Here are two results:

Test on Qwen2-VL-2B-Instruct:

start command (ViT use TRT + FP8 dynamic quant)

dashinfer_vlm_serve --model /cfs_cloud_code/asherszhang/model/Qwen2-VL-2B-Instruct/ --host 127.0.0.1 --vision_engine tensorrt --quant-type fp8

NOTE: You may needs to check the accuracy after fp8 quantization.

result

1st time :

Total time: 29.88 secinput token lens: 2783.60 (average) / 278360 (total) --- 
output token lens: 11.52 (average) / 1152 (total) --- QPS:  3.35 requests/sec, TPS: 38.55 tokens/sec

2nd time (with vit cache):

Total time: 6.84 sec
input token lens: 2783.60 (average) / 278360 (total) --- 
output token lens: 9.30 (average) / 930 (total) --- QPS:  14.61 requests/sec, TPS: 135.88 tokens/sec

start command (ViT use TRT + FP8 dynamic quant + prefix cache)

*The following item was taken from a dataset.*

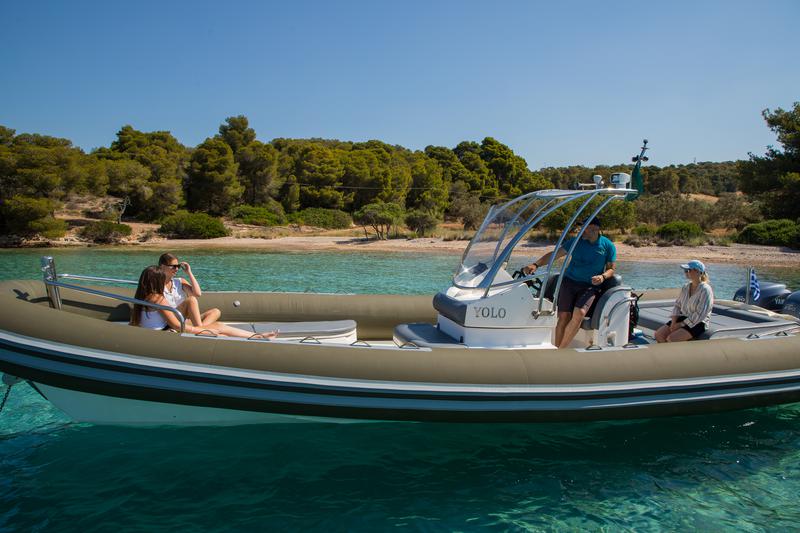 Book yachts online - motorboat - Seawater Smeralda 320 - YOLO - rent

dashinfer_vlm_serve --model /cfs_cloud_code/asherszhang/model/Qwen2-VL-2B-Instruct/ --host 127.0.0.1 --vision_engine tensorrt --enable-prefix-cache --quant-type fp8

result

1st time :

Total time: 29.53 sec
input token lens: 2783.60 (average) / 278360 (total) --- 
output token lens: 10.95 (average) / 1095 (total) --- 
QPS:  3.39 requests/sec, TPS: 37.09 tokens/sec

2nd time (with vit cache + prefix cache):

Total time: 2.81 sec
input token lens: 2783.60 (average) / 278360 (total) --- 
output token lens: 11.25 (average) / 1125 (total) --- QPS:  35.64 requests/sec, TPS: 400.96 tokens/sec

kzjeef avatar Jul 24 '25 14:07 kzjeef

@kzjeef Strangely enough, dashinfe seems to be unstable. Dashinfer is performing much more slowly today than yesterday. I have no idea what the reason is.

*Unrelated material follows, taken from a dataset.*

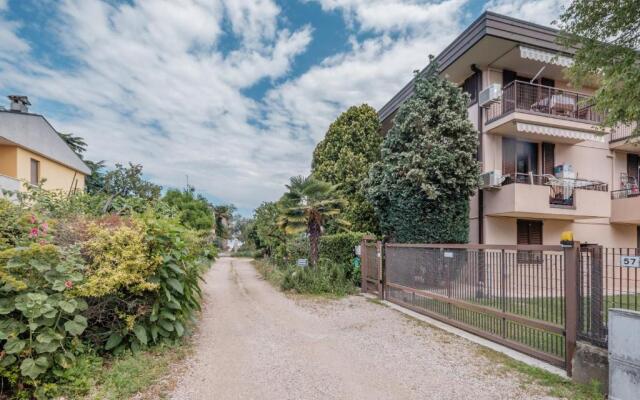 Casa Lugana 19 - monolocale con piscina direttamente a lago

coder4nlp avatar Jul 25 '25 02:07 coder4nlp

@kzjeef Strangely enough, dashinfe seems to be unstable. Dashinfer is performing much more slowly today than yesterday. I have no idea what the reason is.

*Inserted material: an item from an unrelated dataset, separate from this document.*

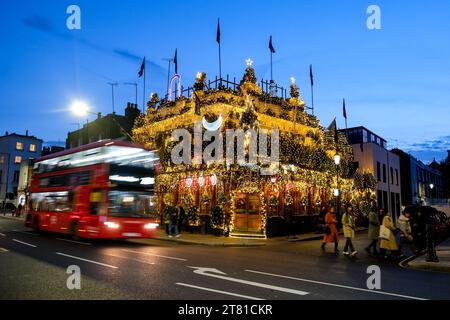 Londres, Royaume-Uni. 1 septembre 2023. L'exposition festive annuelle au Churchill Arms à Notting Hill présente plus de 80 arbres et 22 000 lumières sur la façade du bâtiment. Crédit : Photographie de onzième heure / Alamy Live News Banque D'Images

Any change of these items ?

  1. Hardware utility (maybe shared with other guys)
  2. Input Data
  3. Free GPU VRAM size

dashinfer is written by c++ mostly, it don't factory that may random like GC etc.

kzjeef avatar Jul 25 '25 03:07 kzjeef

@kzjeef When using Qwen2.5-VL-3B-Instruct with --enable-prefix-cache, an error occurs.

 File "dash-infer/multimodal/dashinfer_vlm/api_server/server.py", line 684, in main
    init()
  File "dashinfer_vlm/api_server/server.py", line 143, in init
    vl_engine = QwenVl(
  File "dash-infer/multimodal/dashinfer_vlm/vl_inference/runtime/qwen_vl.py", line 231, in __init__
    self.as_worker = HieAllsparkWorker(as_config)
  File "dash-infer/multimodal/dashinfer_vlm/vl_inference/runtime/hie_allspark_worker.py", line 17, in __init__
    self.model = AllSparkM6Model(as_model_config)
  File "dash-infer/multimodal/dashinfer_vlm/vl_inference/utils/hie_allspark/model_hie_allspark.py", line 63, in __init__
    assert status == AsStatus.ALLSPARK_SUCCESS
AssertionError

coder4nlp avatar Jul 28 '25 03:07 coder4nlp